TASK DESCRIPTION –
Where in the data below does the word "foot" appear? Copy every line that has it.

--

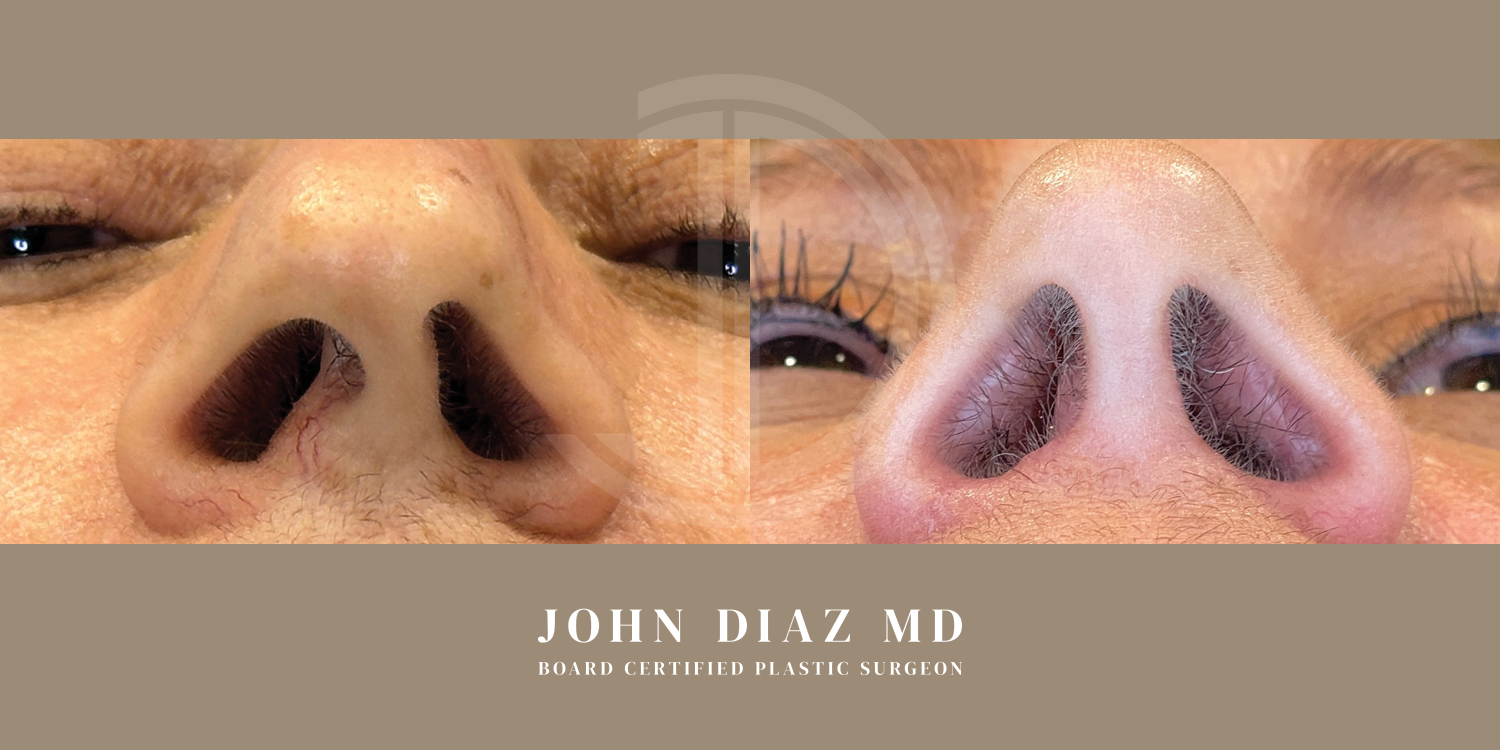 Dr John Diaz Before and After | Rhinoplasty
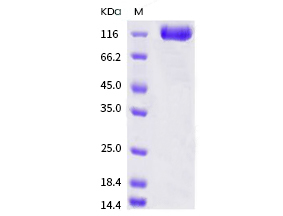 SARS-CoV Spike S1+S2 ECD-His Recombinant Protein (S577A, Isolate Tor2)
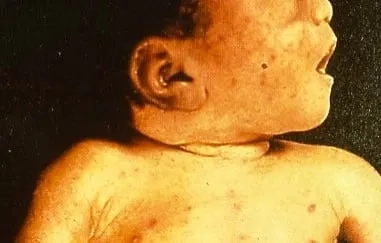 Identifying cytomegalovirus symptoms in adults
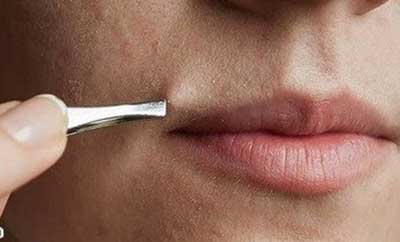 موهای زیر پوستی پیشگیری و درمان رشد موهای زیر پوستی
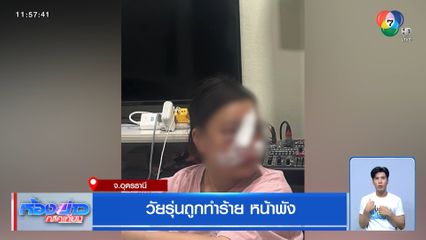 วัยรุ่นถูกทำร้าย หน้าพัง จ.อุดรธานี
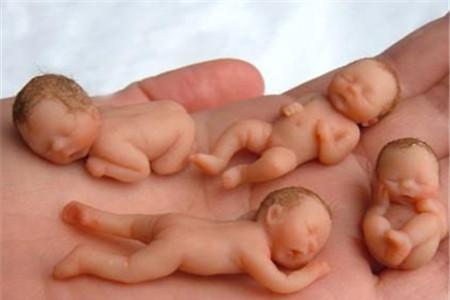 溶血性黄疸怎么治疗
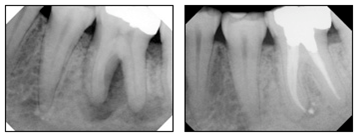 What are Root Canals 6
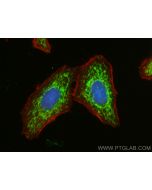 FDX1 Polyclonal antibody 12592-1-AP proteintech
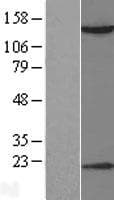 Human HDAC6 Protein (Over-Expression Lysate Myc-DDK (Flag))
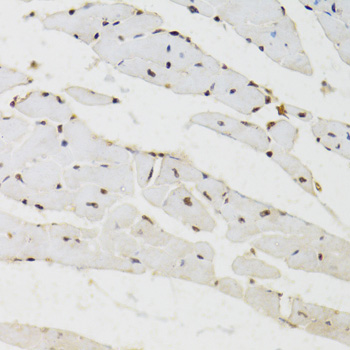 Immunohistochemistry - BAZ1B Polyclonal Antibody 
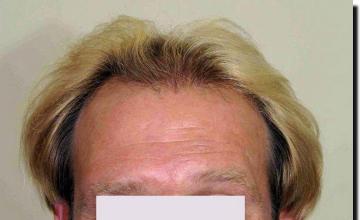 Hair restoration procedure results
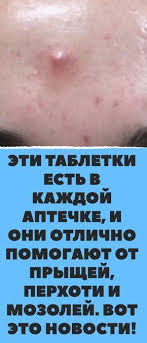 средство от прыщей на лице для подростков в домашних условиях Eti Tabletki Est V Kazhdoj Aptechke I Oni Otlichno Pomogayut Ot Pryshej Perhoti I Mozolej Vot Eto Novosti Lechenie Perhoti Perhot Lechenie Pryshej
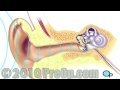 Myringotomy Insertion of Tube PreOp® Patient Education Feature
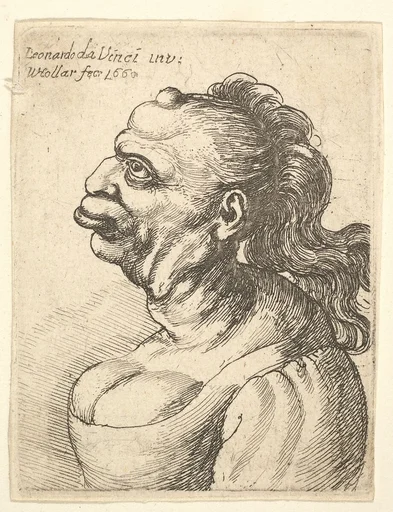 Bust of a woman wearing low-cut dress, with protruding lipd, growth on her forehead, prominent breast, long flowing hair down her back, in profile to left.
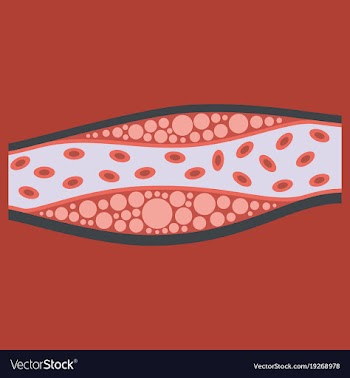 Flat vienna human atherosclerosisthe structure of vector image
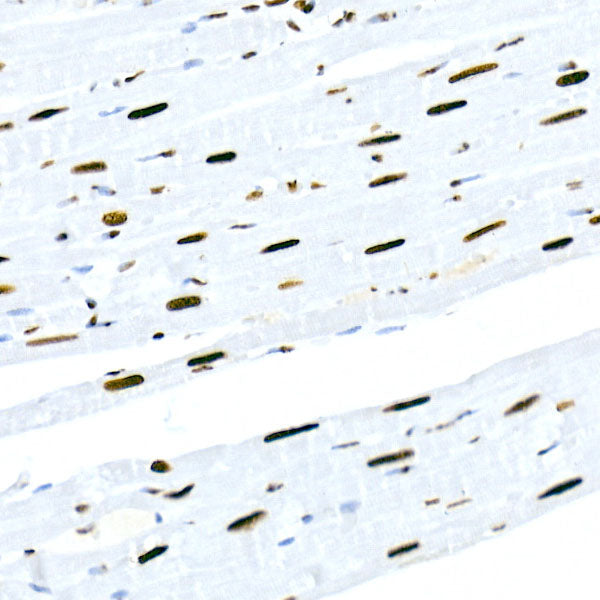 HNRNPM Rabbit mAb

--

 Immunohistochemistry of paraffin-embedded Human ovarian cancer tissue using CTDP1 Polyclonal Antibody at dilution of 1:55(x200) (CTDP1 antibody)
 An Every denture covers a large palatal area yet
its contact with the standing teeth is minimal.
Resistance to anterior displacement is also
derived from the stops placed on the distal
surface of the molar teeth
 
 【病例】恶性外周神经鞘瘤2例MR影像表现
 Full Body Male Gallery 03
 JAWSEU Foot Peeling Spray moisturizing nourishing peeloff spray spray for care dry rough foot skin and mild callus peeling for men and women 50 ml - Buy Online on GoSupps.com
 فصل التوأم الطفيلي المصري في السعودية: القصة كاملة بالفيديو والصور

--

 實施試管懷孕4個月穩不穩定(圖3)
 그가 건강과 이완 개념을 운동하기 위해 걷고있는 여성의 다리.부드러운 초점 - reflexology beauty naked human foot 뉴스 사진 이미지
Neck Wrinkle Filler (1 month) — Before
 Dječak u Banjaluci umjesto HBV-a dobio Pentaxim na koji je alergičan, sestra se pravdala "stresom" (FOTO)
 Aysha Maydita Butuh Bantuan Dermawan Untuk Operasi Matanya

--

COMPLETED TASK –
 JAWSEU Foot Peeling Spray moisturizing nourishing peeloff spray spray for care dry rough foot skin and mild callus peeling for men and women 50 ml - Buy Online on GoSupps.com
 그가 건강과 이완 개념을 운동하기 위해 걷고있는 여성의 다리.부드러운 초점 - reflexology beauty naked human foot 뉴스 사진 이미지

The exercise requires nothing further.